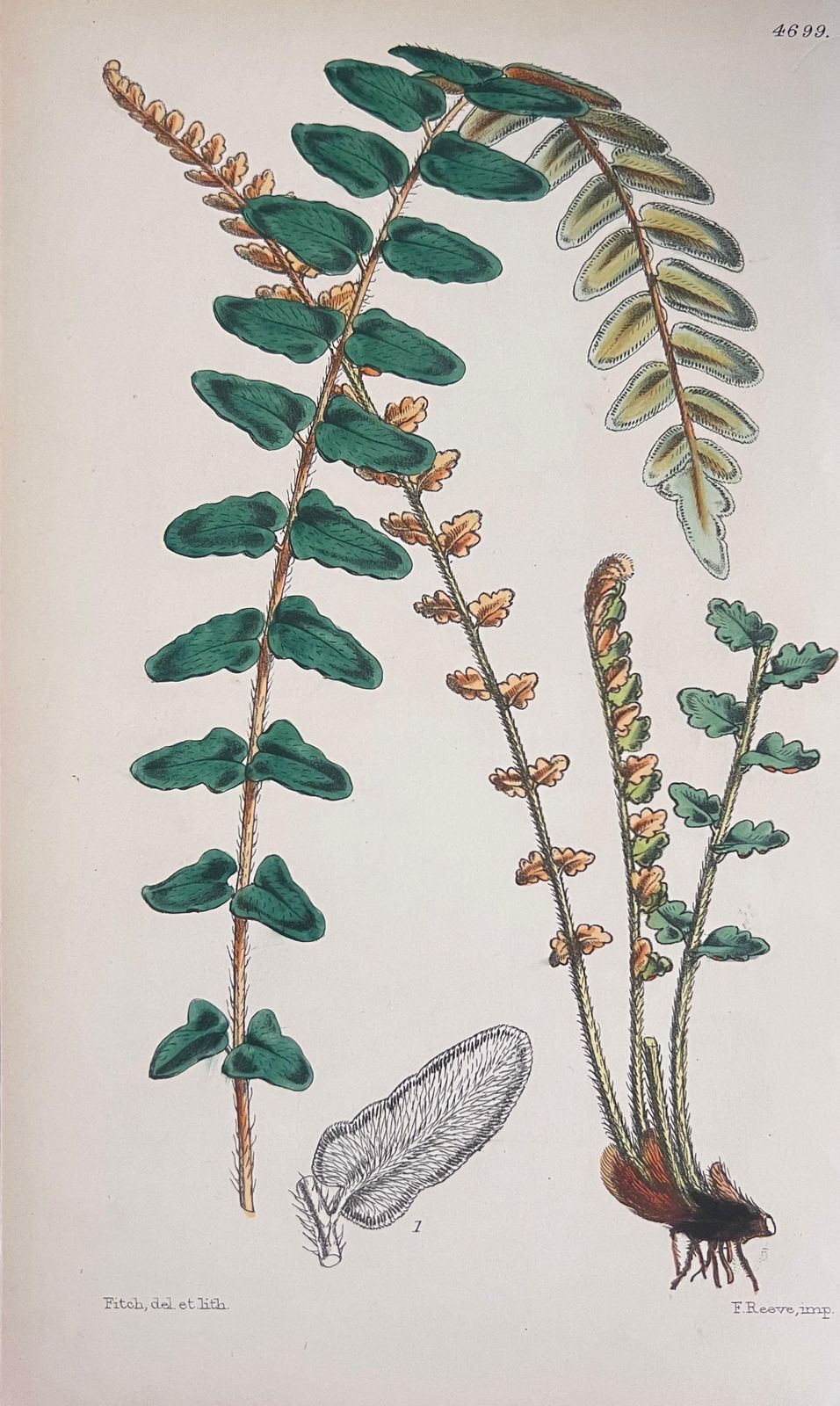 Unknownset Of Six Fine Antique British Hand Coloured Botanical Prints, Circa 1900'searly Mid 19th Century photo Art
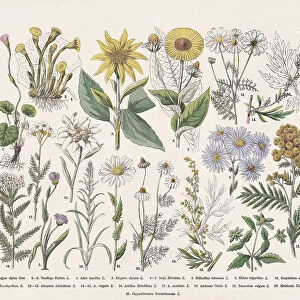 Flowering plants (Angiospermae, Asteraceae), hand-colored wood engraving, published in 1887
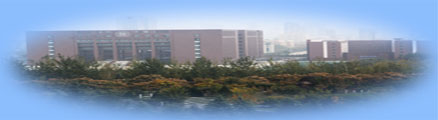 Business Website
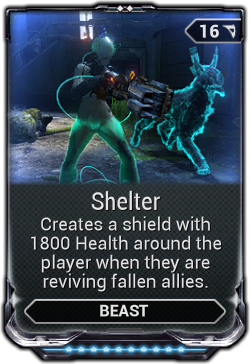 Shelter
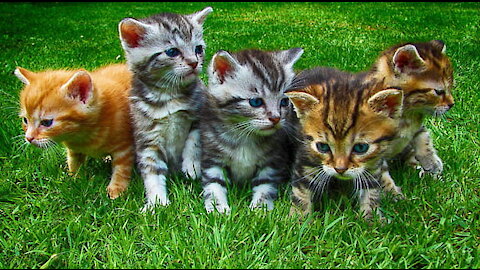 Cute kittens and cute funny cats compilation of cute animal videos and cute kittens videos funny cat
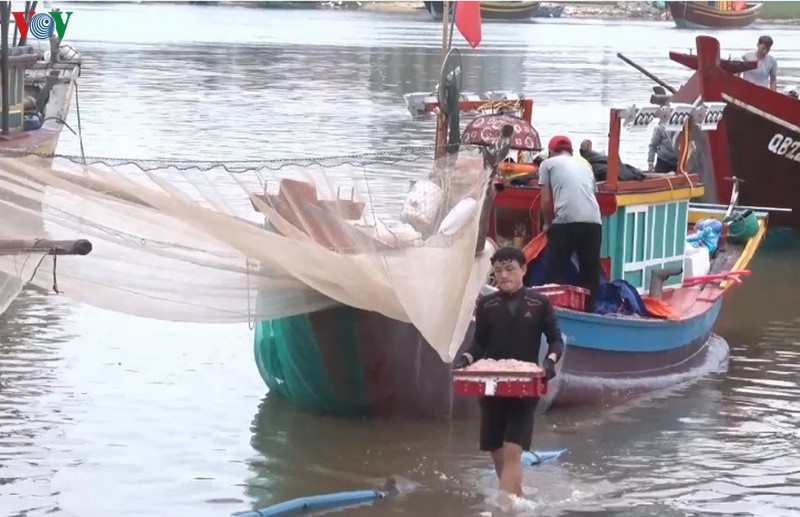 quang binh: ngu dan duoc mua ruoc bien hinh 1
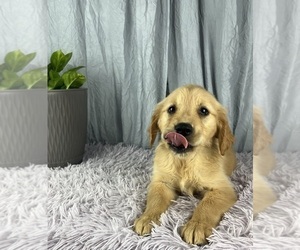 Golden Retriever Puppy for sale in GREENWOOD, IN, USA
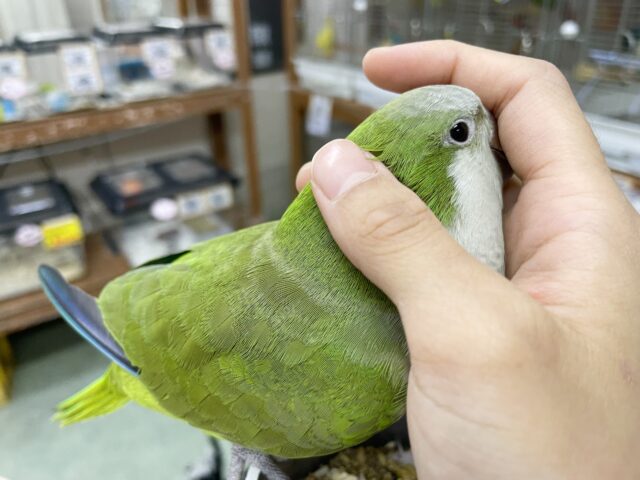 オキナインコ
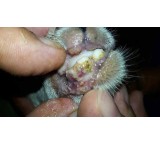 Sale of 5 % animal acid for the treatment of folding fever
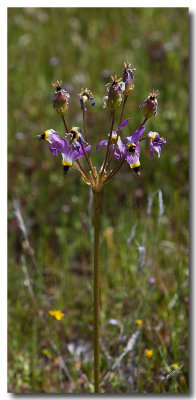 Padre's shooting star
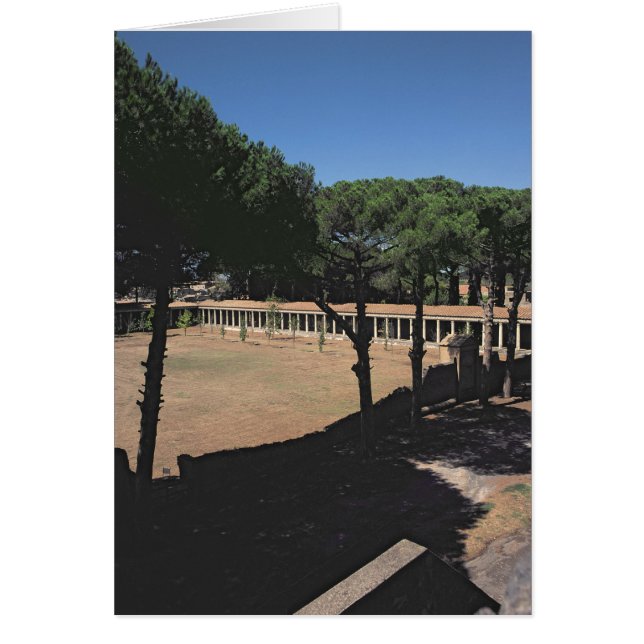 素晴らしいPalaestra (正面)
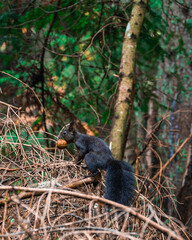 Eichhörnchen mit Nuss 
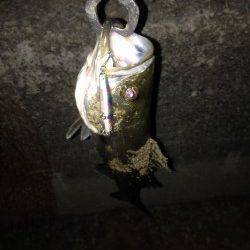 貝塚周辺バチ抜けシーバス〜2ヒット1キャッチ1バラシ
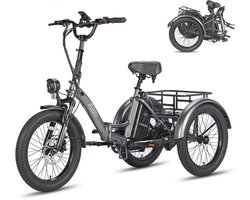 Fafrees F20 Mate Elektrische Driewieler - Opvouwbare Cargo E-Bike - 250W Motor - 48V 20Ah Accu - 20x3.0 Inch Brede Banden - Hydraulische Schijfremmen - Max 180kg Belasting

+++

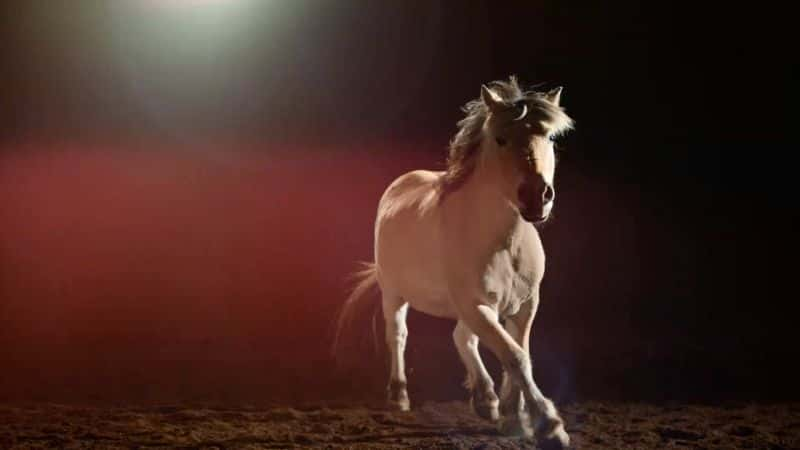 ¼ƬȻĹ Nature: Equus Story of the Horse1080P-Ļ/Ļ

+++

Goal of the exercise. Leaving every picture aside, reproduce exactly the lines above from the one with "Unknownset Of Six" up to and including the one with "Fafrees F20 Mate", and no others.

Response area.
 Unknownset Of Six Fine Antique British Hand Coloured Botanical Prints, Circa 1900'searly Mid 19th Century photo Art
 Flowering plants (Angiospermae, Asteraceae), hand-colored wood engraving, published in 1887
 Business Website
 Shelter
 Cute kittens and cute funny cats compilation of cute animal videos and cute kittens videos funny cat
 quang binh: ngu dan duoc mua ruoc bien hinh 1
 Golden Retriever Puppy for sale in GREENWOOD, IN, USA
 オキナインコ
 Sale of 5 % animal acid for the treatment of folding fever
 Padre's shooting star
 素晴らしいPalaestra (正面)
 Eichhörnchen mit Nuss 
 貝塚周辺バチ抜けシーバス〜2ヒット1キャッチ1バラシ
 Fafrees F20 Mate Elektrische Driewieler - Opvouwbare Cargo E-Bike - 250W Motor - 48V 20Ah Accu - 20x3.0 Inch Brede Banden - Hydraulische Schijfremmen - Max 180kg Belasting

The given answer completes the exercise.